La metamorfosis que está experimentando Madrid en los últimos años no se entendería sin el uso recurrente del teléfono móvil. Gracias a las nuevas tecnologías, hoy podemos pedir a domicilio cualquier cosa imaginable, o incluso movernos por la ciudad a golpe de clic.
En consecuencia, las calles se han convertido en una suerte de parque temático de la movilidad: furgonetas en doble y triple fila para subirte la compra a casa (ya sea un pendrive, un par de calcetines o la cesta de la compra), riders en bicicletas con cofres de comida rápida jugándose la vida para llegar a tiempo (expuestos a unas condiciones laborales vergonzosas), miles de coches de alquiler por minutos aparcados en cualquier parte, millares de motos de alquiler en las aceras e incluso ahora, también, patinetes.
La fiesta de la movilidad llegó tan deprisa y sin control regulatorio que parece haber copado, por el artículo 33 de su chequera, el espacio de todos. A propósito de esto, cuesta entender que el bar o el restaurante de la esquina precisen un permiso especial (previo pago de costosísimas tasas) para montar su terraza en la calle y, sin embargo, no exista regulación en el uso del espacio público de estos miles de nuevos vehículos gestionados por empresas privadas para su lucro.
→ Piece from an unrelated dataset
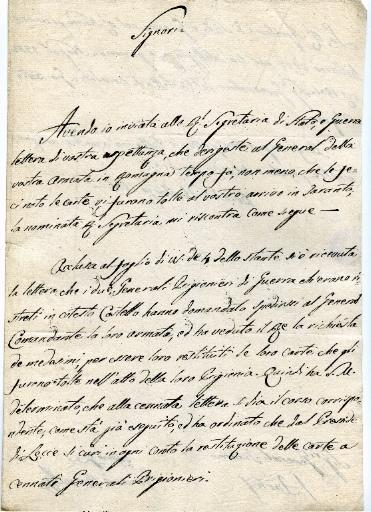Lettre de Brindisi en date du 18 mars 1801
Empresas que, para más inri, acceden también a cada partida anual de subvenciones destinadas a vehículos ‘cero emisiones’.
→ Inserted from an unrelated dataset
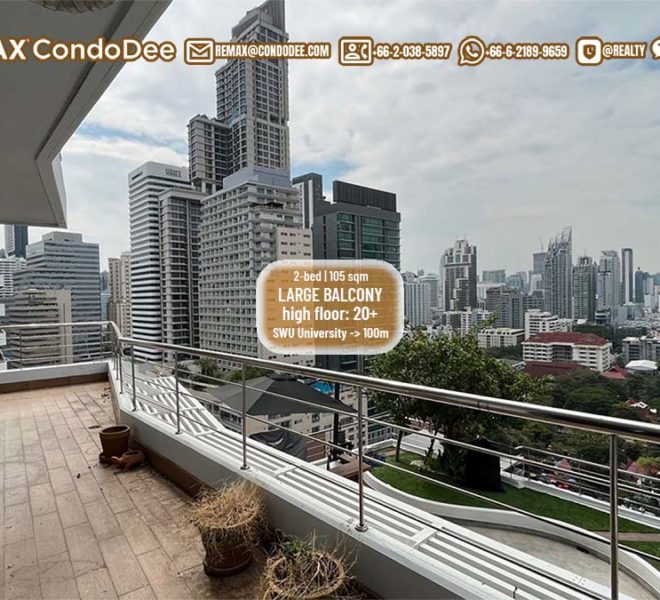 2-bedroom bangkok condo sale large balcony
Pero aún hay más: en el caso del sector VTC (otra novedad a sumar al resto de opciones no reguladas), hoy circulan por las calles de Madrid 5.200 nuevos vehículos, en su mayoría diésel, y todo indica que esa cifra podría incrementarse en 2.000 vehículos más circulando por las calles sin control de ningún tipo.
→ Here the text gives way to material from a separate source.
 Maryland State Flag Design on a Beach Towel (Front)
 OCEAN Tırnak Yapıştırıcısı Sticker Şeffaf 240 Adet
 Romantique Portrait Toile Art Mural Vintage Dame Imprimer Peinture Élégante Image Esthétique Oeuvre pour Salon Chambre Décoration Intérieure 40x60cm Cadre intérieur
No existe plan de viabilidad que justifique el volumen creciente de su flota (más allá del sacrosanto mercado libre), ni por supuesto estudios de impacto ambiental. A mí, como ciudadano, pero también como taxista sometido a una regulación asfixiante (tarifas reguladas, controles metrológicos, homologación exhaustiva del vehículo, seguro especial de ocupantes, permiso municipal previo examen, control horario, revista municipal anual, tasas, pago de impuestos aquí en España…), la situación que describo me violenta sobremanera.
Urge, por tanto, una regulación que anteponga el interés del ciudadano al de un puñado de empresas cuyo método de implantación no ha elegido nadie. No podemos permitir que el futuro de Madrid esté en sus manos.